With a smile and a wave Amy Helm and The Handsome Strangers lit into their Berkely set at full speed, no preamble, no slow warming up to a boil. No, Helm and company -- Daniel Littleon on guitar; David Berger on drums; and Alan Hampton on bass -- went from zero to full-on groove in the blink of an eye, transforming the Berkeley venue’s mood into something reminiscent of a juke joint, gospel revival, rock show and Mardi Gras celebration all at once.
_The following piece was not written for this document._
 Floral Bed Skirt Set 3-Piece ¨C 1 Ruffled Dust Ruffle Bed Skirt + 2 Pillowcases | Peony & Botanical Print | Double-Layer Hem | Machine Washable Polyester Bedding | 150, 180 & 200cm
To say Helm and her band of merry, extremely accomplished, music makers has range is an understatement. To say that Helm -- touring her debut solo release Didn't It Rain after years spent collaborating in both the heralded band Ollabelle, and her famously revered father Levon’s Ramble Band (as well as a lifetime surrounded by the best Americana and roots musicians in the land) -- is an artist in full bloom is more accurate.
All those years of storied Midnight Rambles could be felt on the Freight stage, as if Helm and the Handsome Stranger had never paused in their playing, and had somehow been magically transported from their home venue in Woodstock, NY, to Berkeley, mid-song.
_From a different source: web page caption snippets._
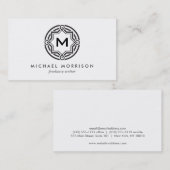 DEKORATIVES CIRCLE-LOGO mit IHREM ANFANG B & W Visitenkarte (Vorne/Hinten)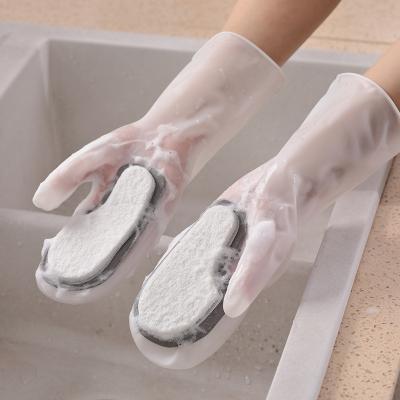 China Wholesale PVC Scouring Pad Dish Washing Brush Cleaning Magic Gloves Hands Ordinary Glove Four Colors Customized Logo For Kitchen for sale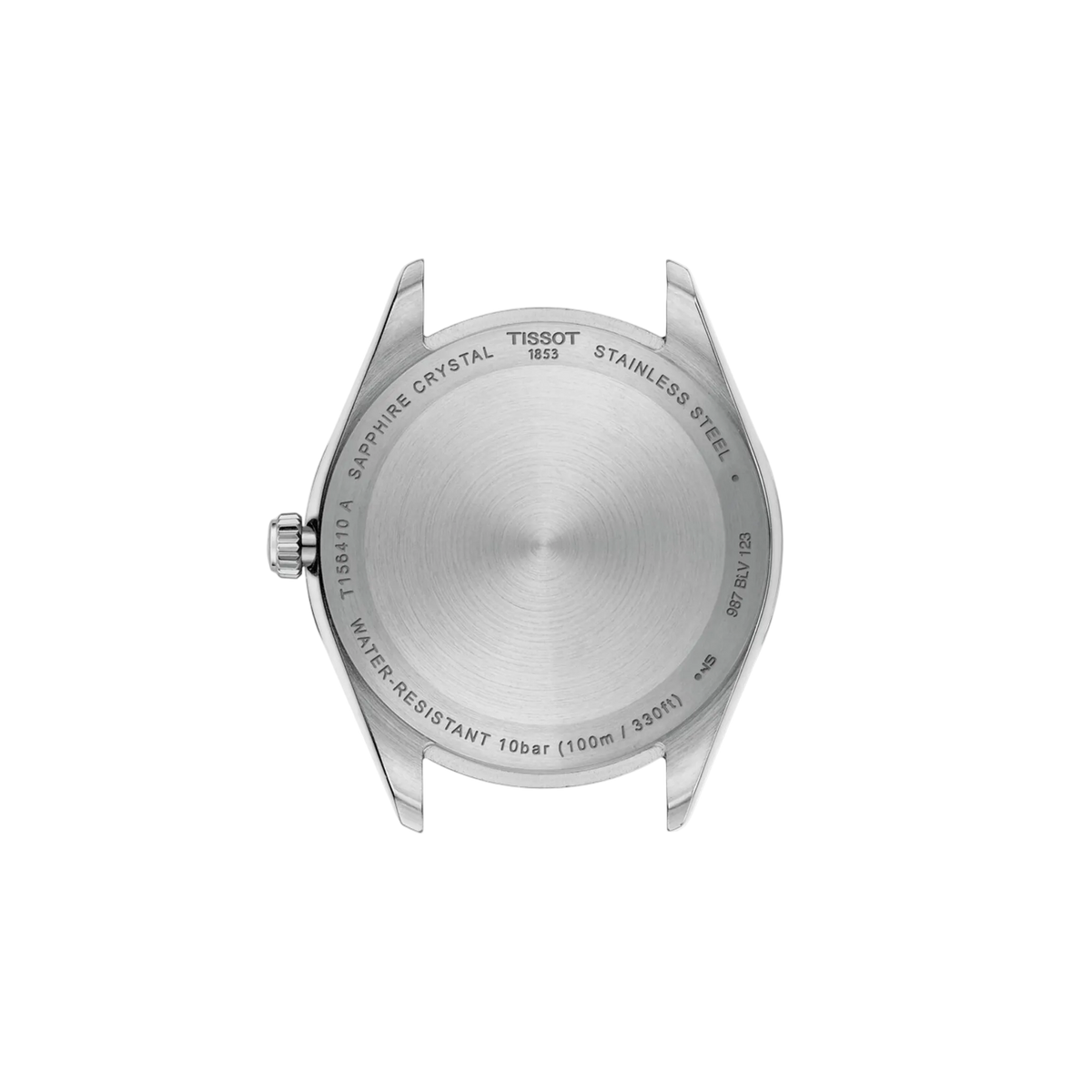 caseback image displaying the stainless steel construction and detailed finishing, designed for comfortable daily wear and timeless durability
Theirs was a roadhouse version of Allen Toussaint's tune "You're Going To Miss Me"; all but Berger gathered around a single mic for a cover of Springsteen's "Atlantic City"; and Helm added her mandolin to the heady mix for "I Can Feel It."
Few artists ‘debut’ with such a wealth of experience under their wings, and thank the music gods Helm chose to eventually record and tour her own project. Didn't It Rain took her five years to complete, during which time she became a mother and lost both a brother and father. The wait, and extra wisdom accrued, has paid off for lovers of truly authentic, musical music. Now Helm is in top form, moving to a spirited rhythm that is at once all her own while building on her father’s legacy.
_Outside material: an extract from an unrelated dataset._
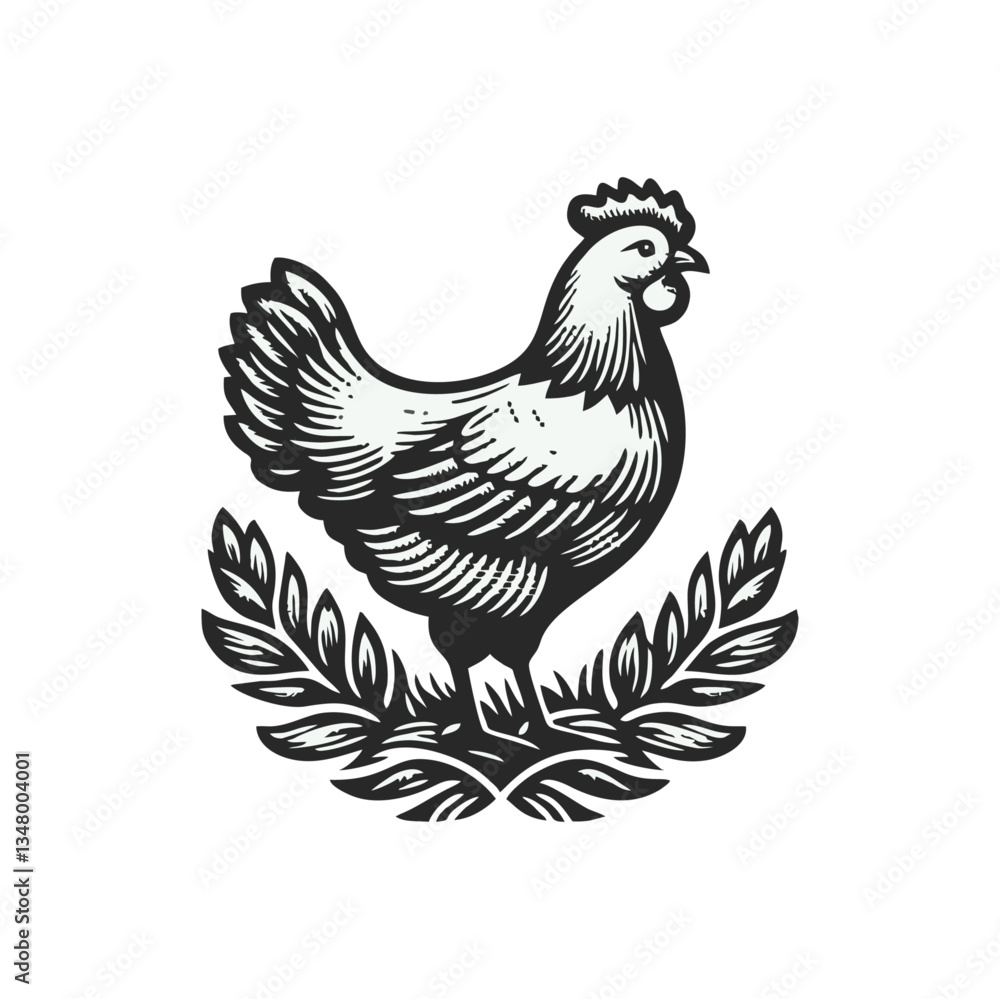 Fototapeta premium Chicken hen engrave logo icon design illustration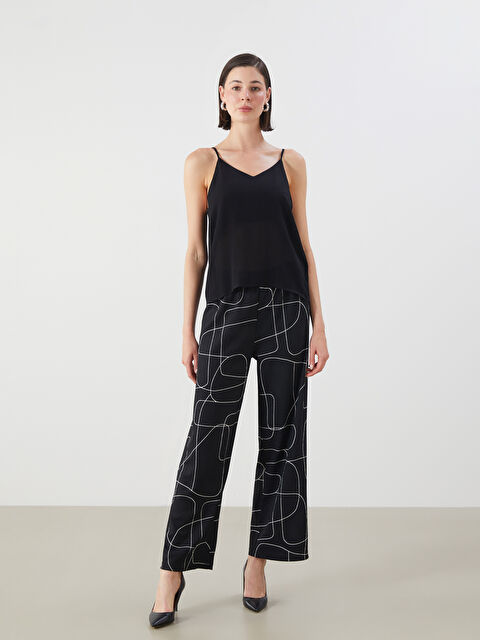 LCWAIKIKI Classic Beli Lastikli Desenli Kadın Pantolon - S5AH04Z8-LQJ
Throughout the show, her stage presence was collaborative, generous and expansive, sexy, soulful and unafraid to lay it all on the line. Meanwhile, Littleton kicked out blistering solos, wringing wide-ranging sonic soundscapes from an acoustic guitar; everyone in the band breaking into extended interludes as well as contributing vocals as needed. In all, a stunning performance, exemplifying the best of live music. Catch your breath, and then catch Helm and the Handsome Strangers when you can.